If someone would argue to me that my proposal violates “one man, one vote” then they should stand behind the repeal of the Seventeenth Amendment. How is it fair that I’m one of 2,942,241 people (poorly) represented by Ben Cardin or Barbara Mikulski while 283,206 people in Wyoming are far more capably represented by John Barasso or Mike Enzi? We have counties in Maryland more populous than Wyoming.

No one questions the function or Constitutionality of the U.S. Senate as a body, knowing it was part of a compromise between larger and smaller states in the era of our founding. It’s why we have a bicameral legislature which all states save one copied as a model. (Before you ask, Nebraska is the holdout.) What I’ve done is restored the intent of those who conceived the nation as a Constitutional republic with several balances of power.

But I’m not through yet. If the Senate idea doesn’t grab you, another thought I had was to rework the House of Delegates to assure each county has a representative by creating seats for a ratio of one per 20,000 residents. (This essentially equals the population of Maryland’s least-populated county, Kent County. Their county could be one single House district.) In future years, the divisor could reflect the population of the county with the least population.

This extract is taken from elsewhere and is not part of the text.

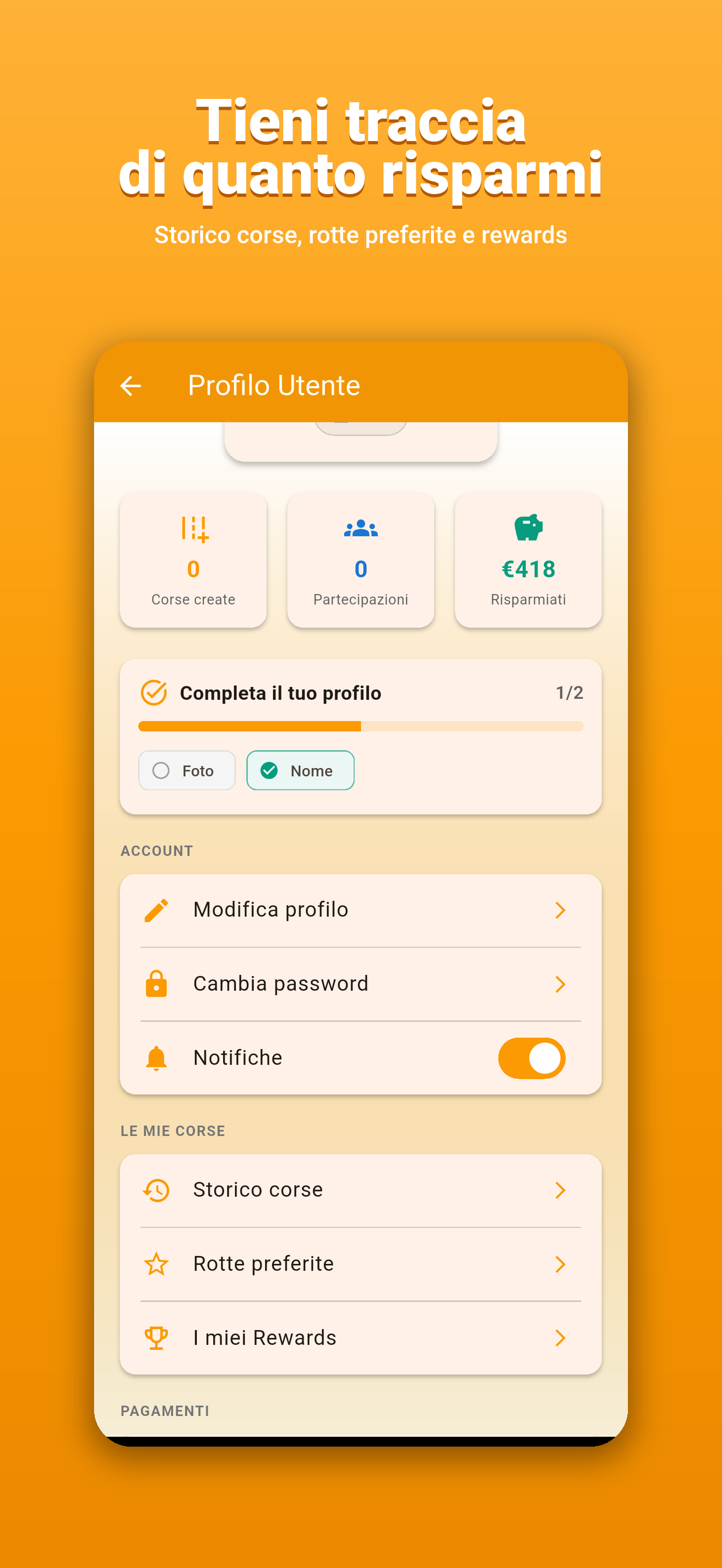 Sciame App screenshot 5
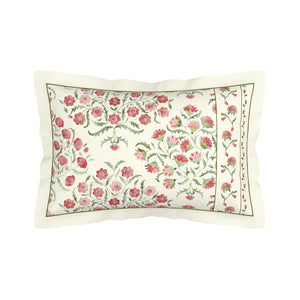 Sanderson Ottoman Rose & Olive Duvet Set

The corollary to this proposal is setting up a system of districts which do not overlap county lines, meaning counties would subdivide themselves to attain one seat per every 20,000 of population, give or take. For my home county of Wicomico, this would translate into five districts and – very conveniently as it turns out – we already have five ready-drawn County Council districts which we could use for legislative districts. Obviously, other counties would have anywhere from 1 to 50 seats in the newly expanded House of Delegates. Even better, because the counties would have the self-contained districts, who better to draw them? They know best which communities have commonality.

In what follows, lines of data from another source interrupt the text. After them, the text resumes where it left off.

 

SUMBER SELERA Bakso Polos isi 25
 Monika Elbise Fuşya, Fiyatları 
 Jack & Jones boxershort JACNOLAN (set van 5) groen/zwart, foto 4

Obviously in smaller counties, the task of drawing 2 or 3 districts would be relatively simple and straightforward. It may be a little more difficult in a municipality like Baltimore or a highly-populated area like Montgomery County, but certainly they could come up with tightly-drawn, contiguous districts.

And if you think a body of around 300 seats is unwieldy, consider the state of New Hampshire has 400 members in their lower house. Certainly there would be changes necessary in the physical plant because the number of Delegates and their attendant staff would be far larger, but on the whole this would restore more power to the people and restrict the edicts from on high in Annapolis.

Tonight I was listening to Jackie Wellfonder launch into a brief discussion of whether the Maryland Republican Party should adopt open primaries, an idea she’s leaning toward adopting – on the other hand, I think it’s nuts. In my estimation, though, these sorts of proposals are nothing more than tinkering around the edges – these ideas I’ve dropped onto the table like a load of bricks represent real change. I think they should be discussed as sincere proposals to truly make this a more Free State by restoring the balance of power between the people, their local government, and the state government in Annapolis.